### WHAT THE TASK ASKS
Wherever a picture appears in the listing, leave it out, and copy the rest exactly.

### PROVIDED DATA

========================================================================

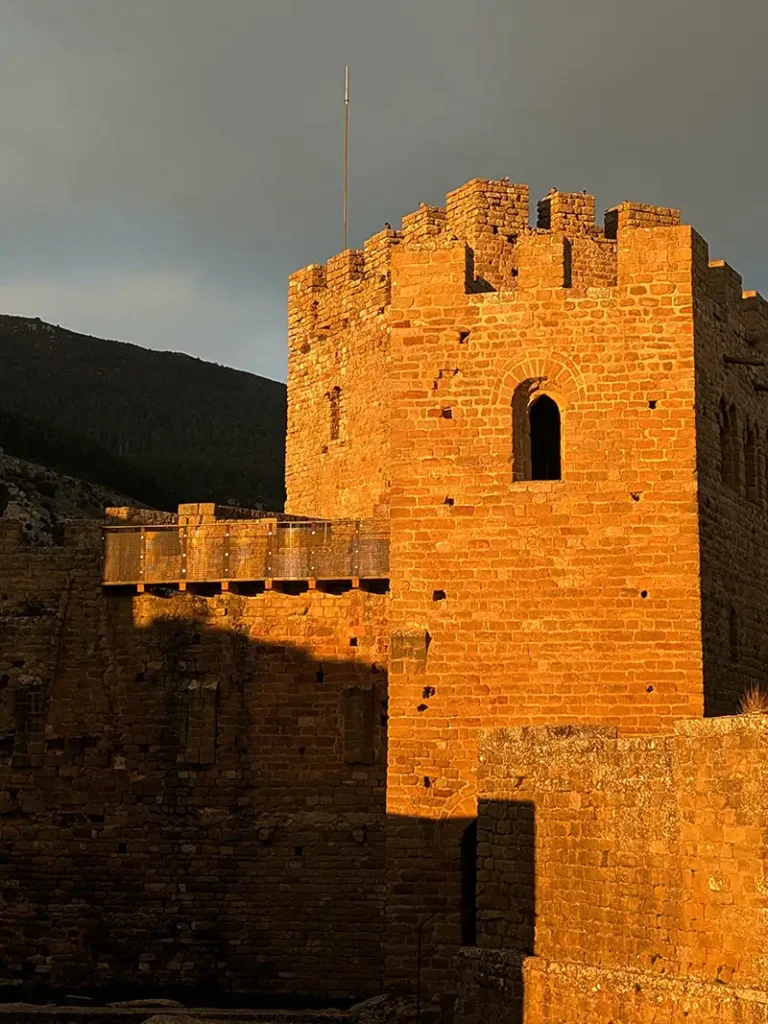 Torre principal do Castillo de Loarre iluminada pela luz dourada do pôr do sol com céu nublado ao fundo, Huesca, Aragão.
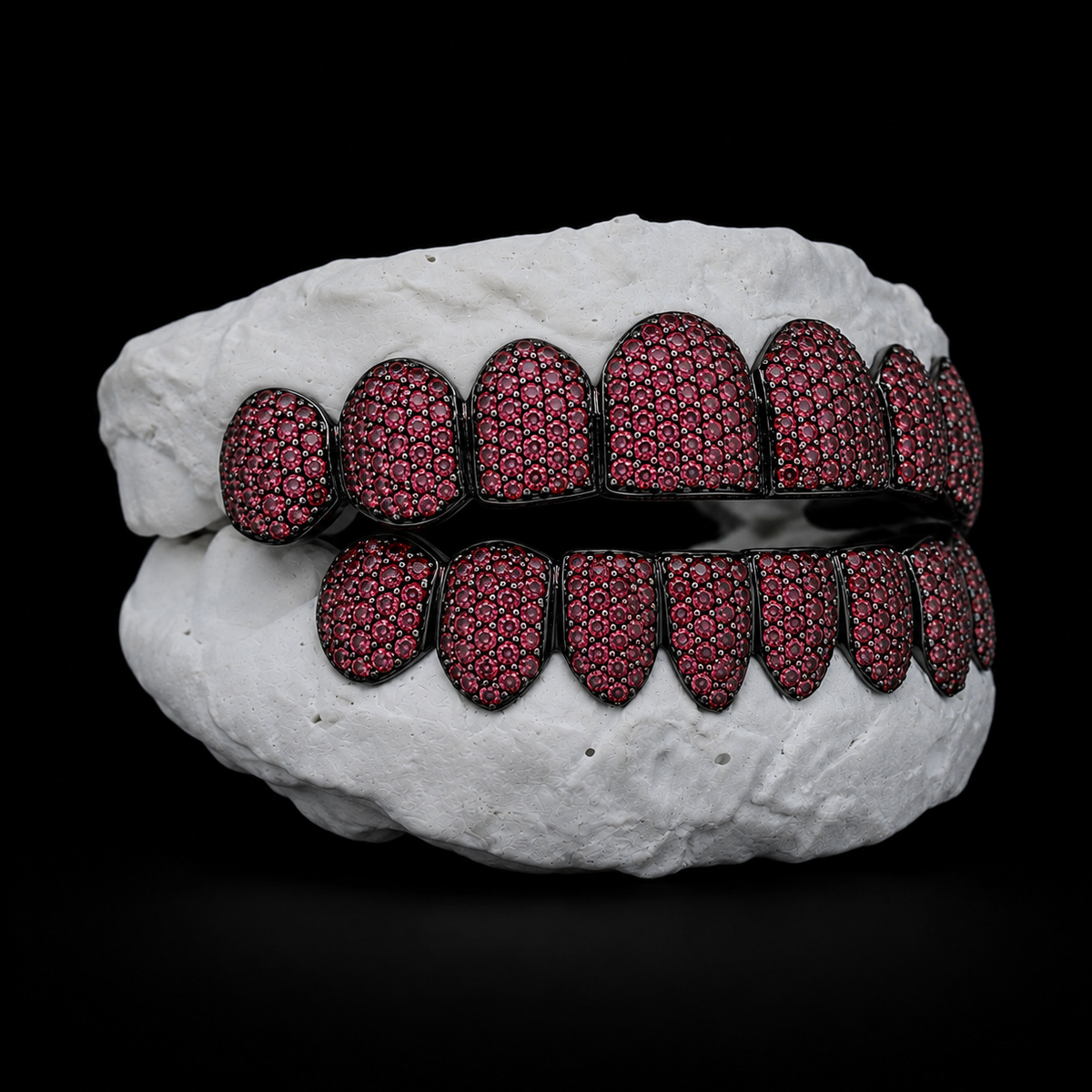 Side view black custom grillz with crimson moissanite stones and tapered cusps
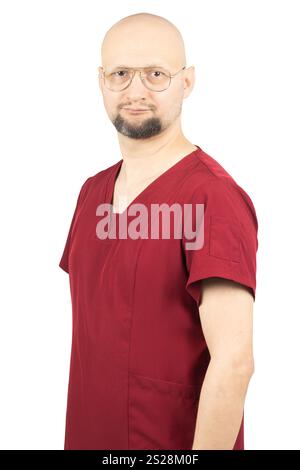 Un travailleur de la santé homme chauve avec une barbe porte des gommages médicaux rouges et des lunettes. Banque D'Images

========================================================================

### RESULT OF THIS EXERCISE
 Torre principal do Castillo de Loarre iluminada pela luz dourada do pôr do sol com céu nublado ao fundo, Huesca, Aragão.
 Side view black custom grillz with crimson moissanite stones and tapered cusps
 Un travailleur de la santé homme chauve avec une barbe porte des gommages médicaux rouges et des lunettes. Banque D'Images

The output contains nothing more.